* DATASET SECTION:
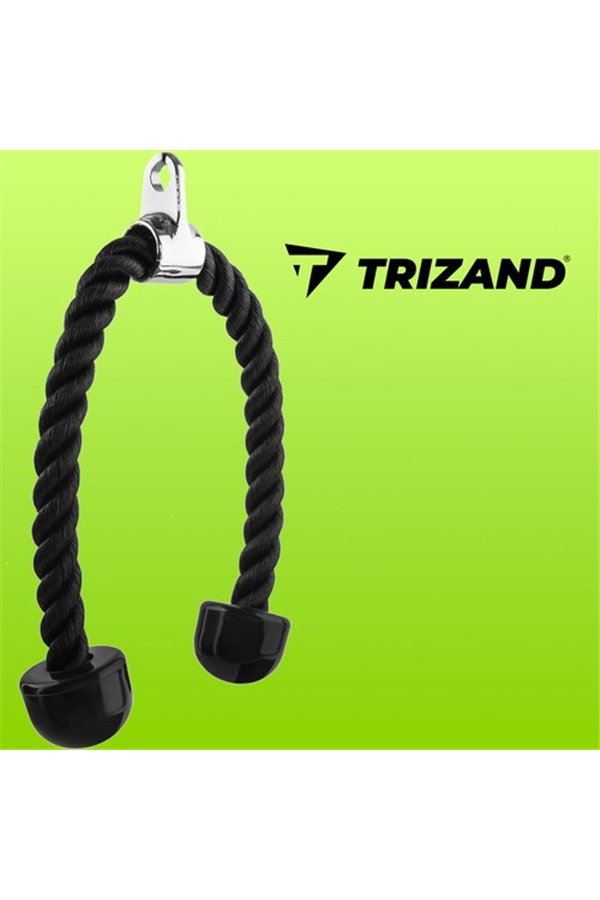 Virvė - rankena keltuvui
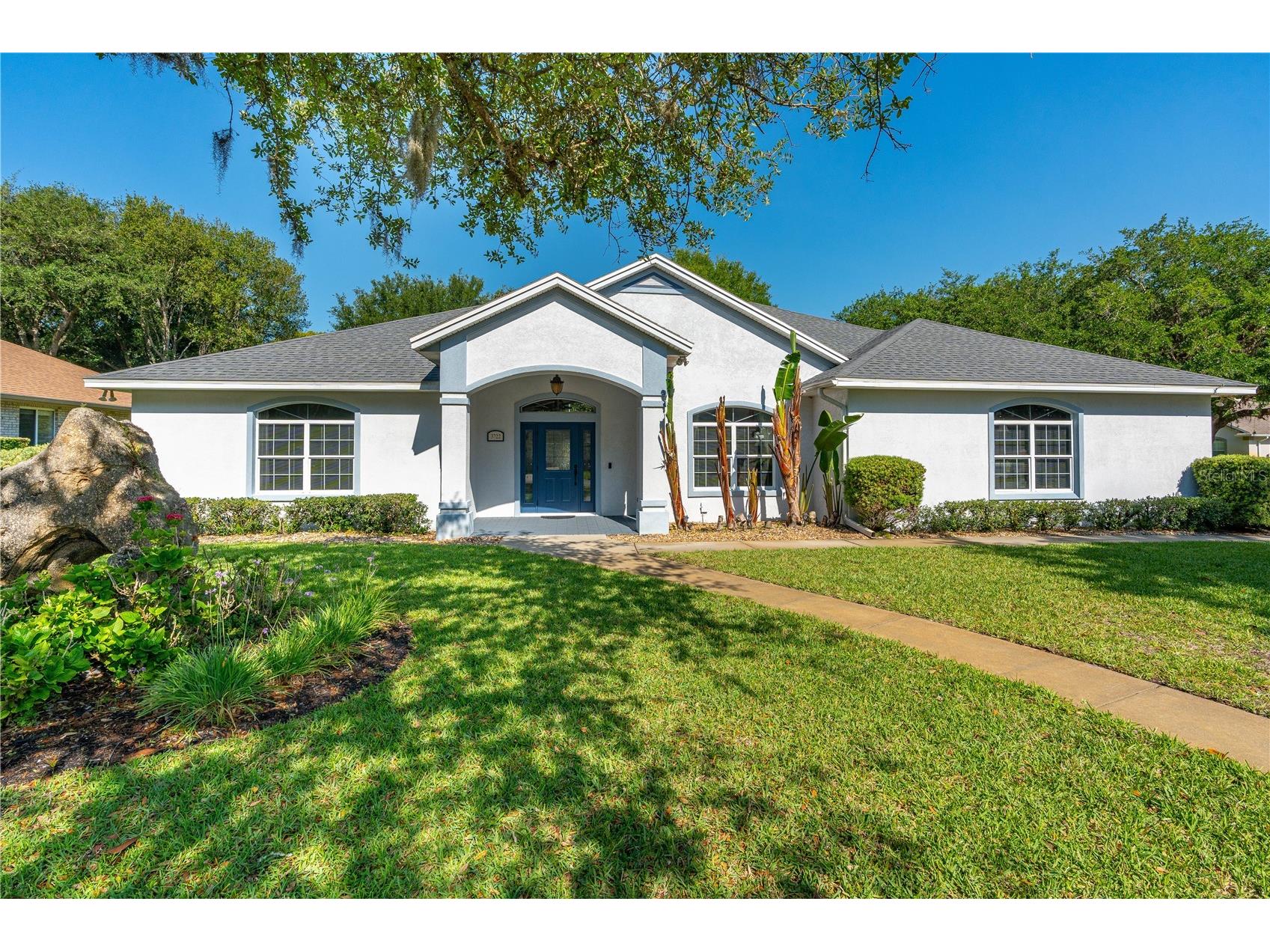 3722 Longford Circle Ormond Beach FL 32174 V4948705 image2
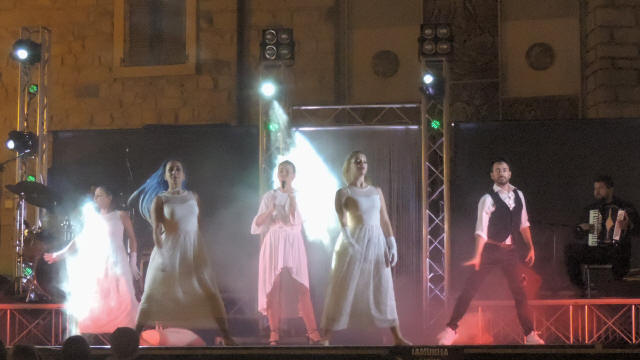 Carrasecare varietà – Aglientu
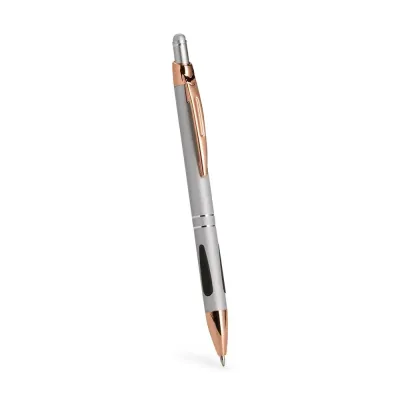 Caneta Feita de Metal Touch Personalizada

* WHAT TO PRODUCE: Everything from the line that contains "Carrasecare varietà – Aglientu" to the final line of the data is to be duplicated exactly, both ends included, except the pictures.

* EXERCISE SOLUTION:
 Carrasecare varietà – Aglientu
 Caneta Feita de Metal Touch Personalizada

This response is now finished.